La cifra del film è probabilmente quella delle prime immagini, con Jack che vaga nei cortili della clinica letteralmente senza sapere cosa farsene del proprio corpo: va in giro, gioca a boccette, aspetta… Tutto il film sembra un’emanazione di questo mood; lontano dall’olimpica distensione di Qualcuno verrà e A casa dopo l’uragano, Due settimane è un film in cui le scene sono clamorosamente prive di ogni tensione: lente, sfatte, stiracchiate, amorfe. La trama tira avanti come può, a colpi di innamoramenti improvvisi e infarti. Se il cinemascope è un acquario, qui i pesci boccheggiano vistosamente, e anche quando la messa in scena è alta coreografia (come nella scena del ristorante lungamente analizzata da McElhaney), lo appare in virtù di preziosismi un po’ gratuiti, a mo’ di direzione del traffico fine a se stessa. Domina l’indecisione del ritmo, un opprimente senso di stanchezza, ed è con stanchezza che si direbbe vengano accantonate le esche drammatiche, che non mancano affatto: il deterioramento del rapporto tra Jack e Kruger, la “lotta” tra Davie e Jack per Veronica… tutte situazioni emotivamente esplosive, liquidate con un’alzata di spalle. Basta in fondo paragonare le rispettive scene dei party nel film del 1952 e in quello del 1962: frizzante nel primo, immerso in un inquietante rigor mortis nel secondo.

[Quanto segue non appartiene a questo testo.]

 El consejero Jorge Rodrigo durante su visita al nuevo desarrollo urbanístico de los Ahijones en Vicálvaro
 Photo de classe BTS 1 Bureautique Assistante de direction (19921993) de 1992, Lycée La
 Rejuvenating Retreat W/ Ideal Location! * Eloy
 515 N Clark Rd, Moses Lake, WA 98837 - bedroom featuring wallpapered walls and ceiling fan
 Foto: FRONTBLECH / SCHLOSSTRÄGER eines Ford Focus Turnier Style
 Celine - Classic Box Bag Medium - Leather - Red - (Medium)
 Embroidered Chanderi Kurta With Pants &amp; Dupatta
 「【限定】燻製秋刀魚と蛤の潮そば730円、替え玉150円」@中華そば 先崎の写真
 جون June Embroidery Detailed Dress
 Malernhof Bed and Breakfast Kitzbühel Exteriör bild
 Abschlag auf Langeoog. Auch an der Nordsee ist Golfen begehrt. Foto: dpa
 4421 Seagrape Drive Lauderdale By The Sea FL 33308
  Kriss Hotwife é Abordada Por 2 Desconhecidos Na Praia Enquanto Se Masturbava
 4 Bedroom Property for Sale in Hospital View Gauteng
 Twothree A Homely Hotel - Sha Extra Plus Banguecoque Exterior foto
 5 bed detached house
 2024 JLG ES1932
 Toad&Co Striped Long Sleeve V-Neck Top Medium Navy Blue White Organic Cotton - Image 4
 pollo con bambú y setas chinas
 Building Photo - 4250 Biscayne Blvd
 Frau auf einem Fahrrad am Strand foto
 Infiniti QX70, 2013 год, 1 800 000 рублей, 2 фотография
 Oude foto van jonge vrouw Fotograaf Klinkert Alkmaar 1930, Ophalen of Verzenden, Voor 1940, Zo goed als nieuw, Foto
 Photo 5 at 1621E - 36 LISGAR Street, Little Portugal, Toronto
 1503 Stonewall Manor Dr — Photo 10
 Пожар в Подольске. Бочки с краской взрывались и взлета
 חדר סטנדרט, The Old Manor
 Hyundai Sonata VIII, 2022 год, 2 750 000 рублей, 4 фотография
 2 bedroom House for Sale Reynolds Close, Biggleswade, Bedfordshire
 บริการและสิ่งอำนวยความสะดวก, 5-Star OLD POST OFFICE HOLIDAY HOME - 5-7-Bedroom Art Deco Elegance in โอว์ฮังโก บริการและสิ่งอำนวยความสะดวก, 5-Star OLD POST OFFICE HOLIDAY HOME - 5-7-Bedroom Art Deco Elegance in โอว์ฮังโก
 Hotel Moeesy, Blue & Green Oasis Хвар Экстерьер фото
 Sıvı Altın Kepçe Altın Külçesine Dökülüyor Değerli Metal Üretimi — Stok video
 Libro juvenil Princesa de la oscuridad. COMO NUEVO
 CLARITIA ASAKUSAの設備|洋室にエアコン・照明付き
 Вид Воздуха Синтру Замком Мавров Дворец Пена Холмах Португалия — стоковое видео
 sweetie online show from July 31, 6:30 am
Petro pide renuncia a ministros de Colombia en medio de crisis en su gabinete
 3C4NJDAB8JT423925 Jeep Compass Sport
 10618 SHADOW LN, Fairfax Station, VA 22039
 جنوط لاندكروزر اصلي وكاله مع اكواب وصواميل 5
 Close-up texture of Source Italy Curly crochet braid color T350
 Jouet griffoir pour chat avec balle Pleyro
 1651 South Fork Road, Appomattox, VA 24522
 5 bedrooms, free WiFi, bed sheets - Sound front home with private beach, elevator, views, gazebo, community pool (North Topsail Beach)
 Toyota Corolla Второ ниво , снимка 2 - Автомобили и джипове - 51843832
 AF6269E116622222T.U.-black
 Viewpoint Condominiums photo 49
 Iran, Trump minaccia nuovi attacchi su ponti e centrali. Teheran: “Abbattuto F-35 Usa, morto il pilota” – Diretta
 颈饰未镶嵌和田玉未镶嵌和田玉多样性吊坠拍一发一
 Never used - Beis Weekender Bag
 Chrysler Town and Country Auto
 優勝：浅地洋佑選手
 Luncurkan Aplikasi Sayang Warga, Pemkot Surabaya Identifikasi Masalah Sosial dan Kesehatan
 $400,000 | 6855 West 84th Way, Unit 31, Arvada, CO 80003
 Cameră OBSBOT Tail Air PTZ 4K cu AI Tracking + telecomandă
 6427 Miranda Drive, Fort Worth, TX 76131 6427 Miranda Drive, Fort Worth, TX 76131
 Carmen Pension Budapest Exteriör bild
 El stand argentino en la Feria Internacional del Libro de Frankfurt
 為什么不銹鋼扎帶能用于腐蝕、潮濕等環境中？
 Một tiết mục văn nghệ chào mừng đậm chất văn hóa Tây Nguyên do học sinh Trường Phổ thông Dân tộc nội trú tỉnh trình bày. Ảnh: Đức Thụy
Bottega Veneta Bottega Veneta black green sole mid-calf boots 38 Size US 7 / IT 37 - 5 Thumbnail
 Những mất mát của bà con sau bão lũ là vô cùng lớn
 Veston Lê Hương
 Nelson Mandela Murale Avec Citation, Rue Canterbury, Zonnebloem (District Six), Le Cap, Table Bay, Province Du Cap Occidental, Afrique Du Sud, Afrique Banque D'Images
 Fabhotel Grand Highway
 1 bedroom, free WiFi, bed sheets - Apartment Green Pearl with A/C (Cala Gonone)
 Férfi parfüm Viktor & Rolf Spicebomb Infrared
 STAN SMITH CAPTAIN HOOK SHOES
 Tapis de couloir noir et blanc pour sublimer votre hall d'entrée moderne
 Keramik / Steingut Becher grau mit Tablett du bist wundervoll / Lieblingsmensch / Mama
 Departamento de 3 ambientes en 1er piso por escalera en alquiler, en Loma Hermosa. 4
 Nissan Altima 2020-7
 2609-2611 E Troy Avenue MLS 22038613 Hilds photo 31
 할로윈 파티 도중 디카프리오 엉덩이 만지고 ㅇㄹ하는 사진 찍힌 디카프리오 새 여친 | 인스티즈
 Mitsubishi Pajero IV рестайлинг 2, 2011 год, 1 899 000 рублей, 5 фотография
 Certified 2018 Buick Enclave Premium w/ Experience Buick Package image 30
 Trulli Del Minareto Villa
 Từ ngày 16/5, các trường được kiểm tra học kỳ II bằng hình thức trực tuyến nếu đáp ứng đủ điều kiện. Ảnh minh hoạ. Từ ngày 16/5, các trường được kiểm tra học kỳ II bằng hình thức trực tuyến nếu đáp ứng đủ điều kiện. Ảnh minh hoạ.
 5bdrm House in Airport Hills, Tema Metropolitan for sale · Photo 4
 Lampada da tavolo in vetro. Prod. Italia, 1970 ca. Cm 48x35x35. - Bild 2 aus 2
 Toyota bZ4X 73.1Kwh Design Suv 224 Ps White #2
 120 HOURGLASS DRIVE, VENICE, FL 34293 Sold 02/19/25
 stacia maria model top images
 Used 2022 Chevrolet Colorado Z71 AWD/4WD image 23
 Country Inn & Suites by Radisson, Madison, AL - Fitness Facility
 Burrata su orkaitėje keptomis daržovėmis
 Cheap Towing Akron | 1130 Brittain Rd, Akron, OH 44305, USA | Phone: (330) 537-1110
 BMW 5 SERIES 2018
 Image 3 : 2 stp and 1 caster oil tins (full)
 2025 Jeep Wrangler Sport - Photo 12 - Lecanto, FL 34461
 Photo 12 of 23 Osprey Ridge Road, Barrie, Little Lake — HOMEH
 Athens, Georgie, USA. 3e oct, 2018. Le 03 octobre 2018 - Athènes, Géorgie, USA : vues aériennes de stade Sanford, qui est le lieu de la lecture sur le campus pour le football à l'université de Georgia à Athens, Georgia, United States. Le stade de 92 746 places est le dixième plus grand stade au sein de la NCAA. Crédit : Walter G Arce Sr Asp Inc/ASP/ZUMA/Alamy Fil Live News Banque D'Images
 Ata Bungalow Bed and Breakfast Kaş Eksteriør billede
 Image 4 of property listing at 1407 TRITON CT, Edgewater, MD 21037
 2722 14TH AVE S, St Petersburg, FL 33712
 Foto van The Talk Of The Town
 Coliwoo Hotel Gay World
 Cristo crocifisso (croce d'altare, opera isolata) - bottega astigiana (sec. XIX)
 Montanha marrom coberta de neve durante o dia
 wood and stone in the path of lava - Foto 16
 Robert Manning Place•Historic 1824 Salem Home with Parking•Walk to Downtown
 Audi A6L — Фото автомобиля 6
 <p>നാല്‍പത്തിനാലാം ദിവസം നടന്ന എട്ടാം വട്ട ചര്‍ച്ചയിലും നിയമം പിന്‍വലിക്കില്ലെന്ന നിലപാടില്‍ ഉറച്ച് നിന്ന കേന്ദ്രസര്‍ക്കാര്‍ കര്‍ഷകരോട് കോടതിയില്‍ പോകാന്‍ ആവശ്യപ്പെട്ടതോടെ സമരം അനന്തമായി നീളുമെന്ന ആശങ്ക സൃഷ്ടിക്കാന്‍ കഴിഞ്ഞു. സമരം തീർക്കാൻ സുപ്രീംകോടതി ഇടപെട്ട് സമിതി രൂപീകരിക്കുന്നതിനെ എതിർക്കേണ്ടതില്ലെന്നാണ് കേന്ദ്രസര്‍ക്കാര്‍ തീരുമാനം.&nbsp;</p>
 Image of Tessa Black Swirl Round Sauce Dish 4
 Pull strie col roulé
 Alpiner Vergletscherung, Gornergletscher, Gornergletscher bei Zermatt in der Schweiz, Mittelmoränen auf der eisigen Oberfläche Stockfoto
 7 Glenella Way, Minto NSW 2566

Ma in Due settimane una qualche catarsi, come abbiamo visto, c’è, e la cosa può legittimamente estendersi alla carriera di Minnelli in generale. Come in questo film, è solo guardando in faccia la stagnazione che possono emergere segni di rinascita. Nel 1976, Minnelli firma Nina [A Matter of Time], forse il paradigma insuperabile del film di un veterano che sembra girato da un ragazzino esordiente. La “questione di tempo” del titolo è, più precisamente, la questione di quella che Deleuze chiamò immagine-tempo: lo specchiarsi reciproco tra il presente e il passato (in quel film rappresentato dal rapporto tra una diva decrepita e una esordiente), che finisce col restituire al presente il proprio vuoto originario. E in questo senso, si può ben dire che Due settimane, col suo ripetere il passato sempre e solo per conservarlo irrisolto, sia stata la necessaria preparazione al definitivo testamento di quattordici anni più tardi.

Bisognava insomma guardare in faccia la stagnazione. Bisognava attraversare e lasciarsi alle spalle la fondativa illusione del fare, riconoscendolo come una chimera intrinsecamente inconsistente. Rimosso il fare, rimane l’essere. Ma chi si è fidato troppo del fare, rifugiandosi a lungo nell’iperattività, una volta restituito all’essere, si trova la strada sbarrata dal mal di testa. Ecco: con quella sua aria nebulosa, dolente, svogliata, inerte, pervasa da stati sottilmente ma insistentemente dissociativi, Due settimane è, prima di tutto, la massima materializzazione cinematografica di cosa sia un mal di testa.


NOTE

[1] Manny Farber, Negative Space, New York: Da Capo Press, 1998, p. 53.

[2] Joe McElhaney, The Death of Classical Cinema: Hitchcock, Lang, Minnelli, Albany: SUNY Press, 2006, pp. 141-200.